Fiona M Shrive1, Heather Stuart, Hude Quan

  • 1Department of Community Health Sciences, Faculty of Medicine, University of Calgary, Alberta, Canada. fmshrive@ucalgary.ca <fmshrive@ucalgary.ca>

BMC Medical Research Methodology
|December 15, 2006
PubMed
Summary

Multiple imputation is the most accurate method for handling missing data in depression scales.

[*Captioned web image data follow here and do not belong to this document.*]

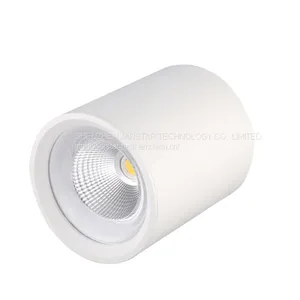 LED Surface Mounted Downlight SMC Series Power Saving Downlights Company White LED Surface Mounted Downlight thumbnail-3
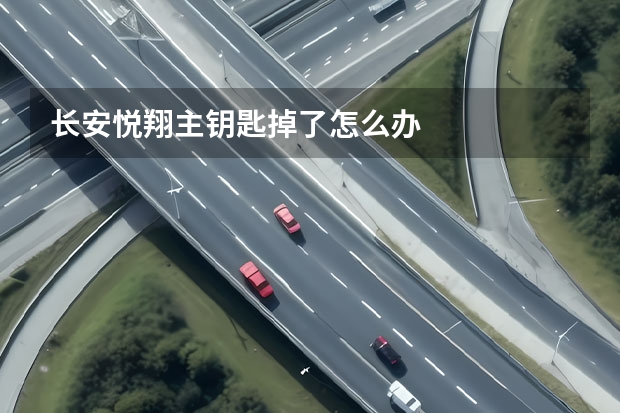 长安悦翔主钥匙掉了怎么办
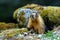 Yellow-bellied marmot Marmota flaviventris, also known as Rock Chuck, looking out of the entrance of its burrow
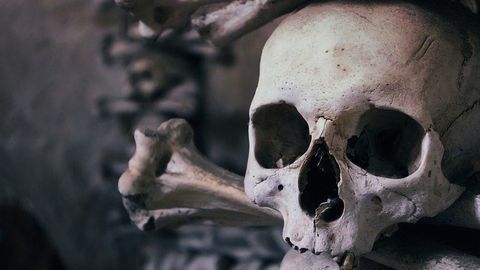 Skull Analysis Reveals Diversity of Early Settlers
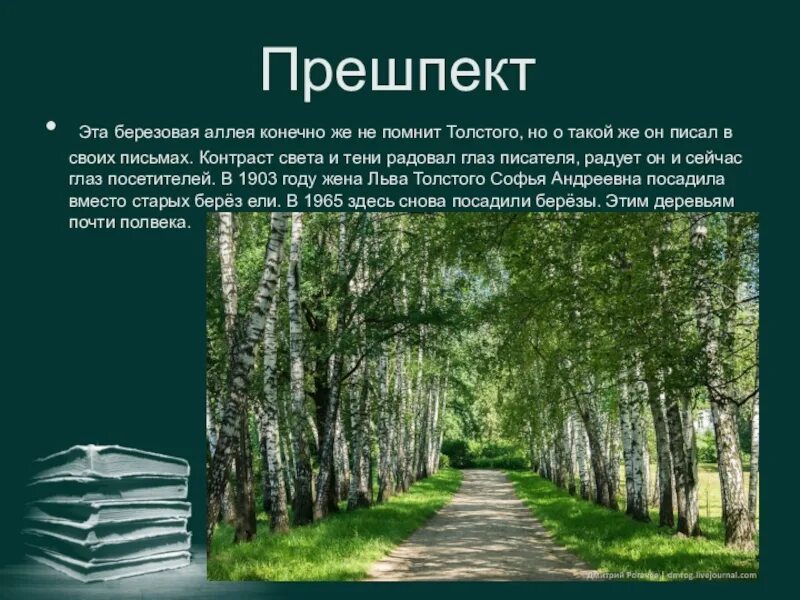 Места толстого. Ясная Поляна Березовая аллея. Толстой Ясная Поляна Прешпект. Аллея Прешпект в Ясной Поляне. Музей Ясная Поляна Березовая аллея.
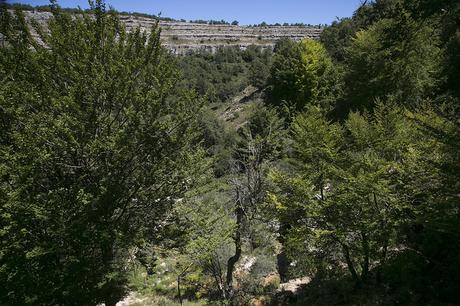 Cascada de Covalagua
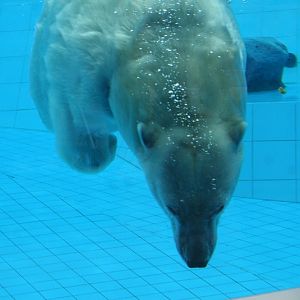 Polar Bear Underwater #1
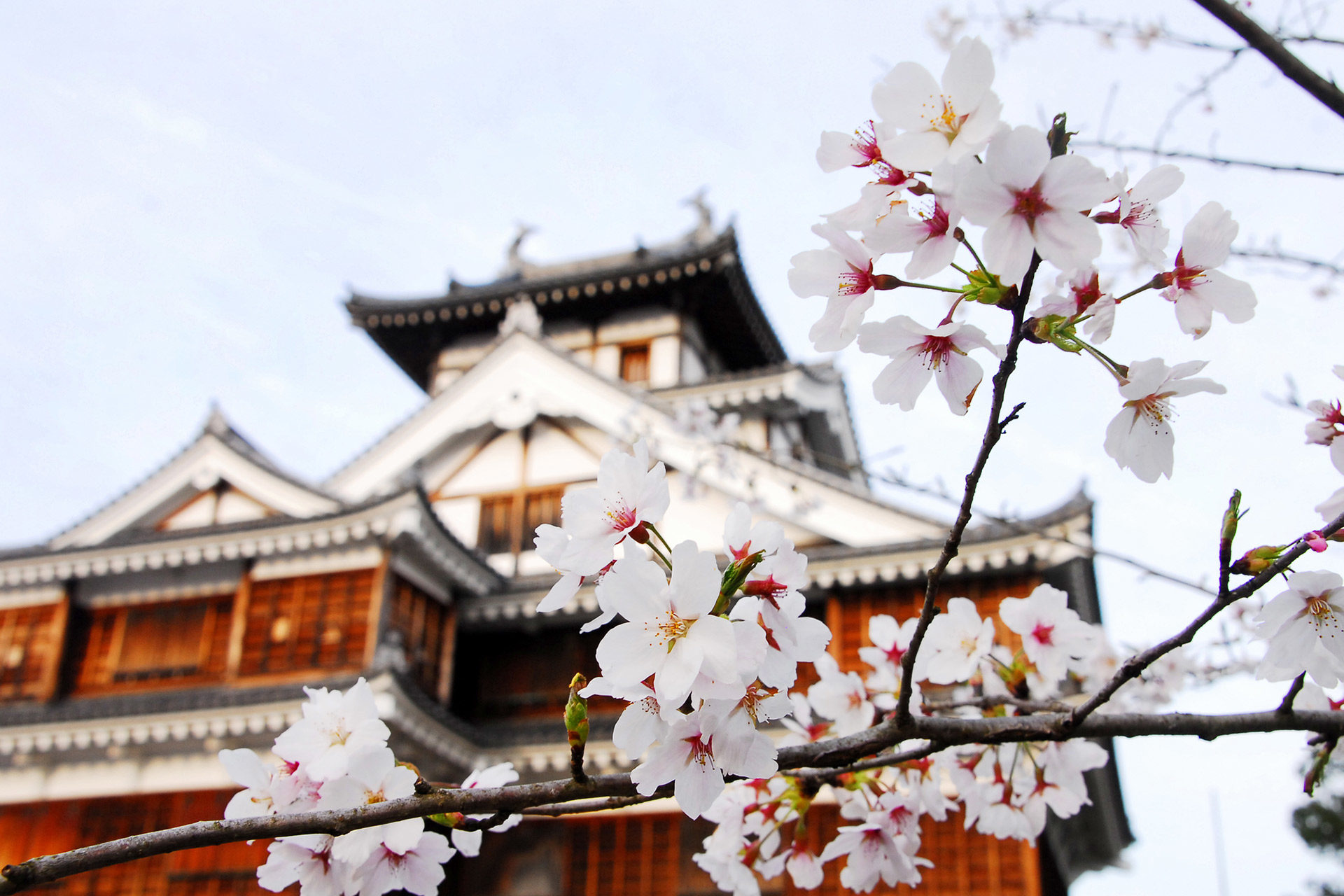京都-福知山城-イメージ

Individual mean imputation offers a simpler, interpretable alternative for researchers dealing with missing values.

Related Experiment Videos

Area of Science:

  • Psychometrics
  • Biostatistics
  • Medical Informatics

Background:

  • Missing data pose significant challenges in research, particularly with self-report scales.
  • Limited literature exists on effective strategies for handling missing data in these contexts.
  • This study addresses missing data within the Zung Self-reported Depression scale (SDS).

Purpose of the Study:

  • To compare the efficacy of six distinct imputation techniques for addressing missing data in the SDS.
  • To evaluate imputation methods under various missing data scenarios (MCAR, MAR, MNAR).

Main Methods:

  • 1580 participants completed the 20-item SDS.
  • Missing values were simulated under different missing data mechanisms.
  • Six imputation methods were assessed: multiple imputation (MI), single regression, individual mean, overall mean, preceding response, and random selection.
  • Performance was evaluated using Kappa statistic, Spearman correlation, and percent misclassified.

Main Results:

  • Multiple imputation (MI) demonstrated the highest accuracy, yielding a Kappa of 0.89.
  • Single regression and individual mean imputation also performed well, especially at 10% missing data.
  • MI maintained high accuracy with increased missing data (30%) and unbalanced missingness.
  • Individual mean and single regression showed substantial agreement (Kappa > 0.70) even with higher missing percentages.

Conclusions:

  • Multiple imputation is the most accurate method for handling missing SDS data across various scenarios.
  • Individual mean imputation provides a valid and more interpretable alternative for clinicians and researchers.
  • Researchers should assess imputation methods based on validity, interpretability, and team expertise.